Question

A whistle emitting a loud sound of frequency 540Hz is whirled in a horizontal circle of radius 2m and at a constant angular speed of $15\ rad.{{s}^{-1}}$. The speed of sound is \[330\ m.{{s}^{-1}}\]. The ratio of highest to the lowest frequency heard by the listener standing at a large distance from the center of the circle is?
A. 1.0
B. 1.1
C. 1.2
D. 1.4

Answer 1

Hint: The concept of Doppler effect is required to solve this problem. The Doppler’s formula required to solve this problem is, \[f={{f}_{0}}[\dfrac{{{c}_{s}}+{{v}_{l}}}{{{c}_{s}}+{{v}_{s}}}]\], where ${{v}_{s}}$is the velocity of the source and \[{{v}_{l}}\]is the velocity of the receiver. ${{f}_{0}}$ is the frequency of the whistle originally.

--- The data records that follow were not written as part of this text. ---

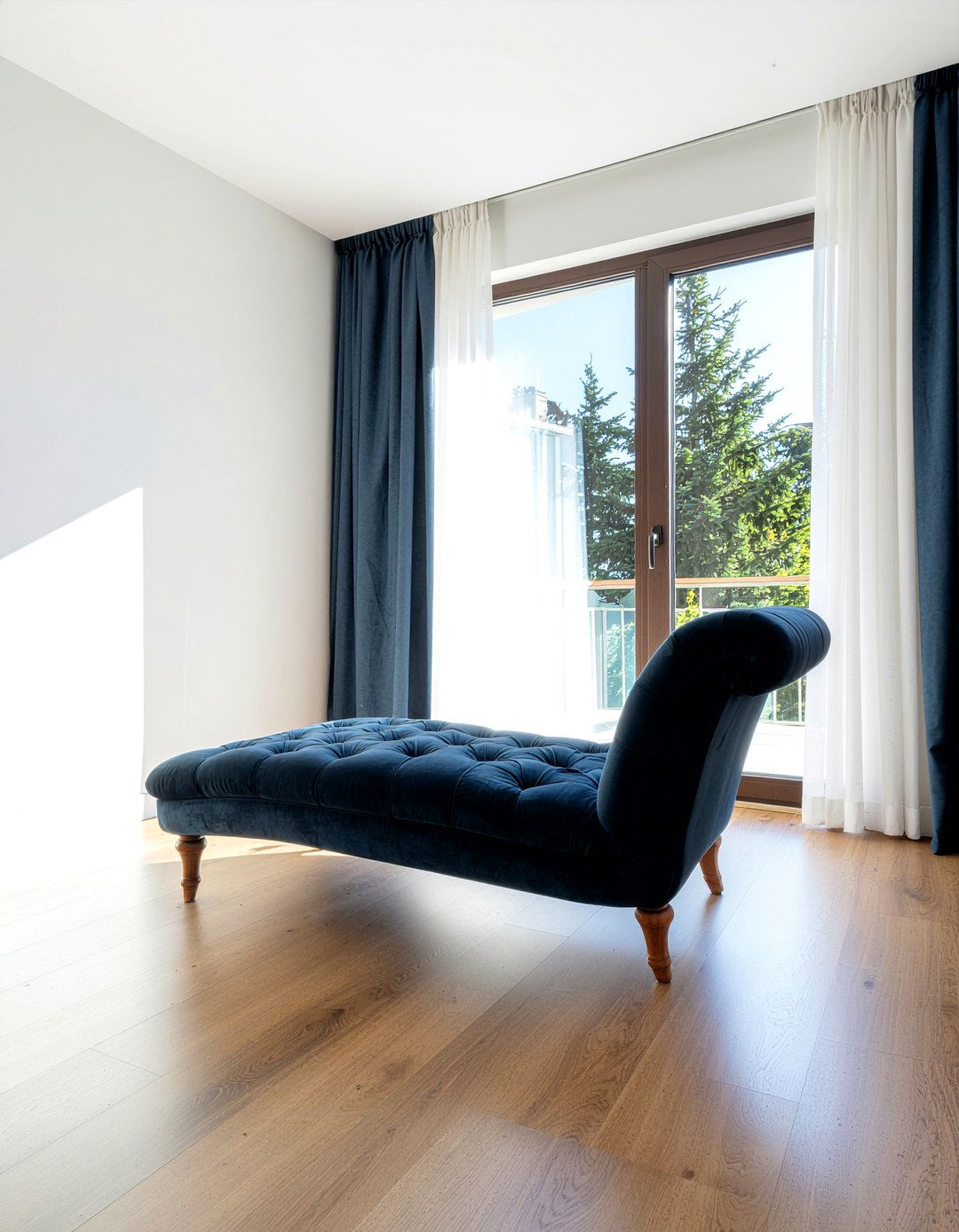 Blue bedroom chaise lounge - 30 bedroom chaise lounges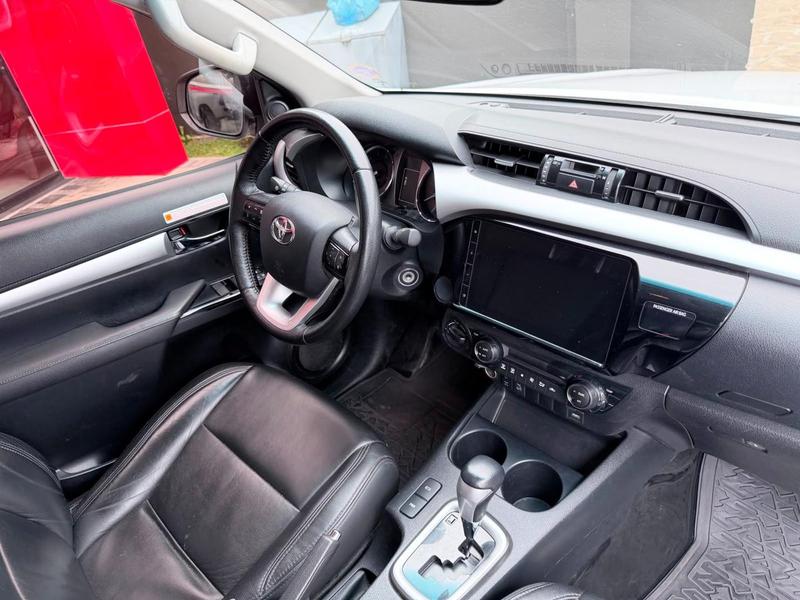 Toyota Hilux Cdsr A4fd - foto 16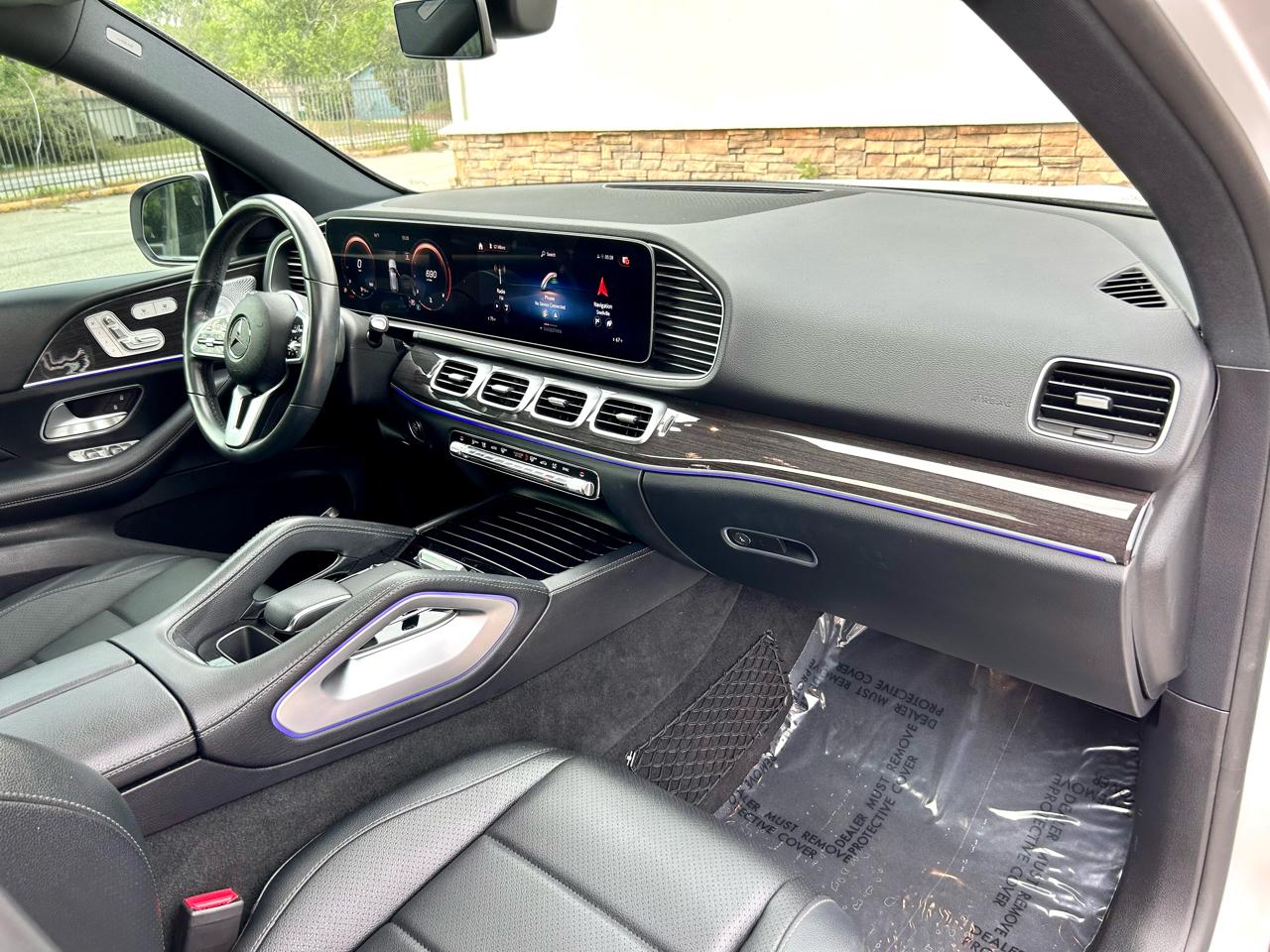 Mercedes-Benz GLE-Class GLE350 4MATIC 2020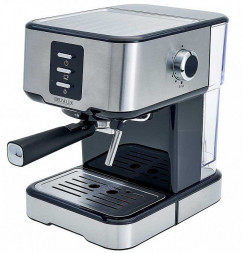 Кофеварка DELTA LUX DE-2001 черный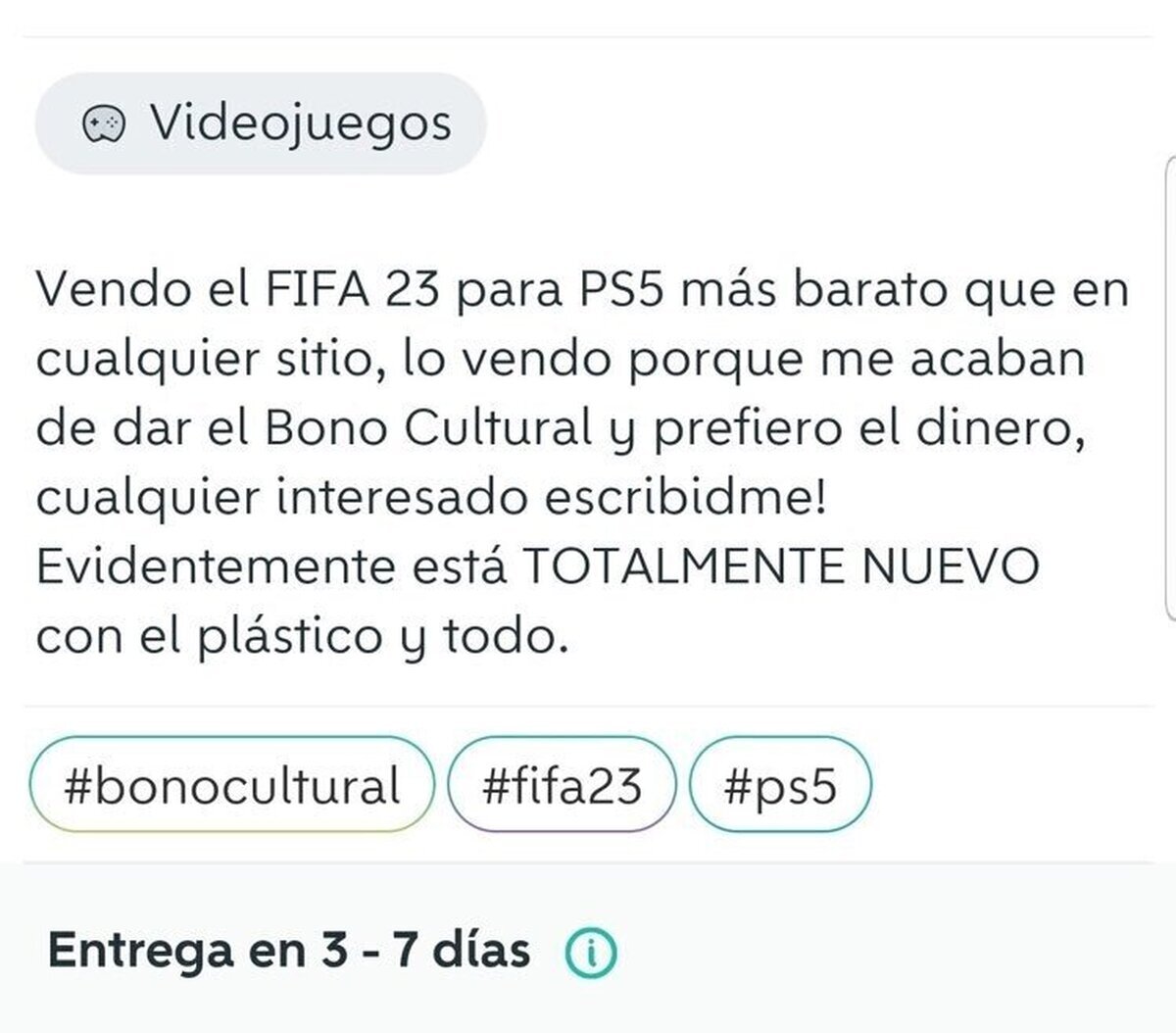 Así usan los jóvenes el Bono Cultural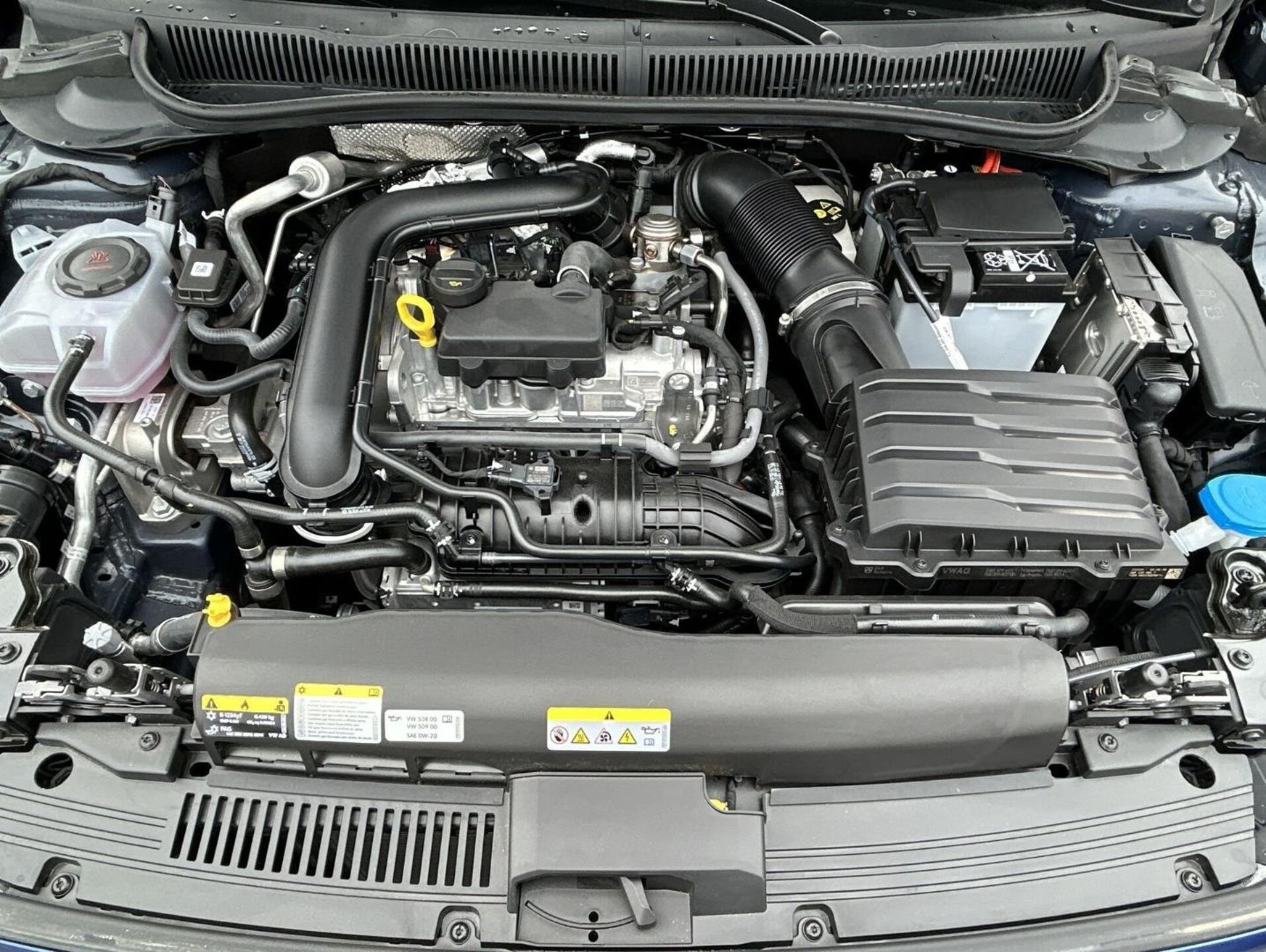 Volkswagen Polo Style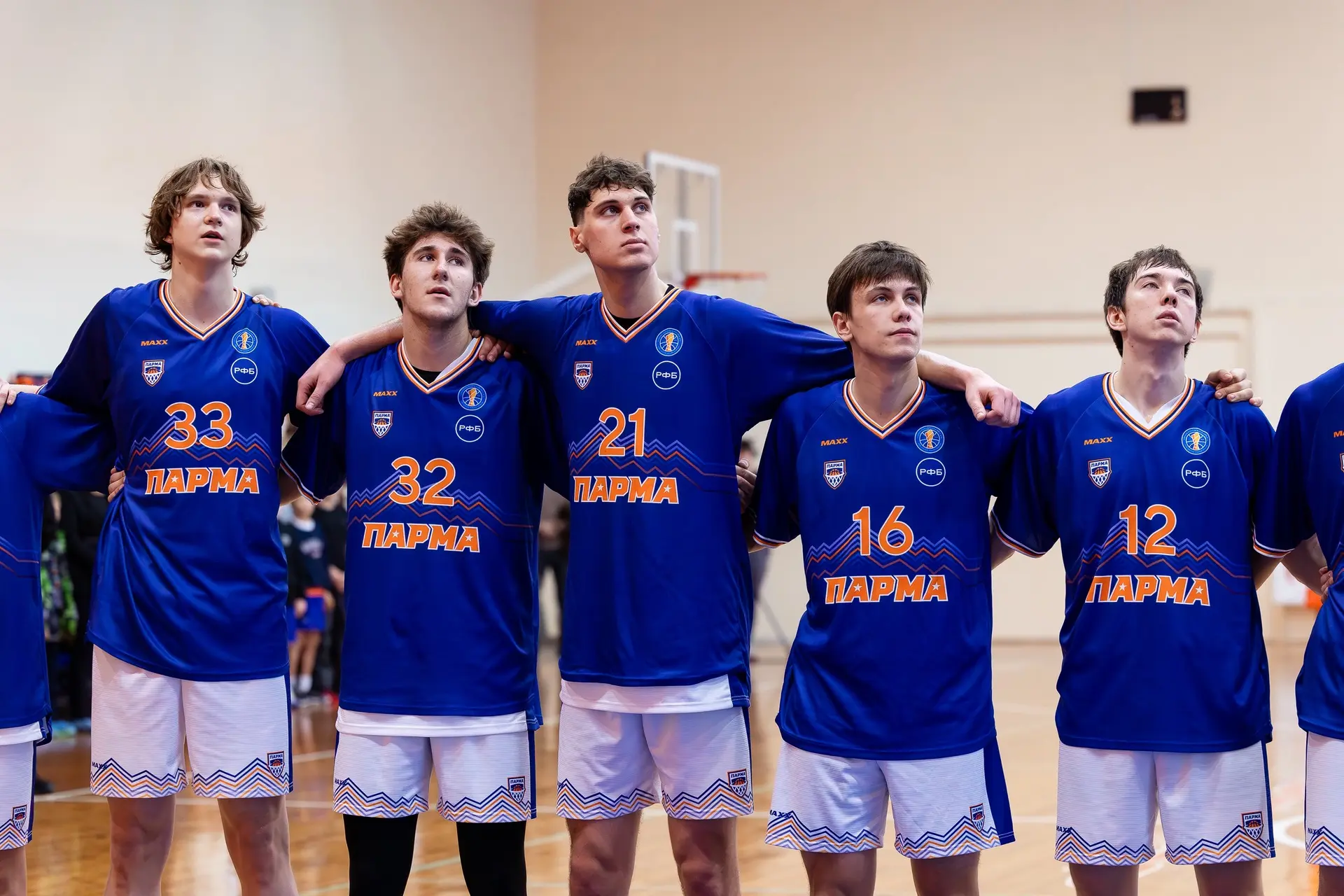 «ПАРМА-М» забирает уверенную победу над «Самарой-2»! 🔥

Complete step-by-step answer:
Let’s understand the Doppler’s formula: \[f={{f}_{0}}[\dfrac{{{c}_{s}}+{{v}_{l}}}{{{c}_{s}}+{{v}_{s}}}]\].
 Here the values of the velocity of the listener and that of the source is both positive and negative depending upon the direction of the movement of the source and the listener. Hence, if the listener is moving towards the source, then the value of \[{{v}_{l}}\] will be positive. If the listener is static or not moving, then the value of \[{{v}_{l}}\] would be zero and lastly, when the receiver is moving away from the source, then the value of \[{{v}_{l}}\] will be negative.
Similarly, if the source is moving away from the listener, then the value of ${{v}_{s}}$ will be positive. If the source is static or not moving, then the value of ${{v}_{s}}$ would be zero and lastly, when the source is moving towards the listener, then the value of ${{v}_{s}}$ will be negative.
Now, let’s make a diagram of the problem.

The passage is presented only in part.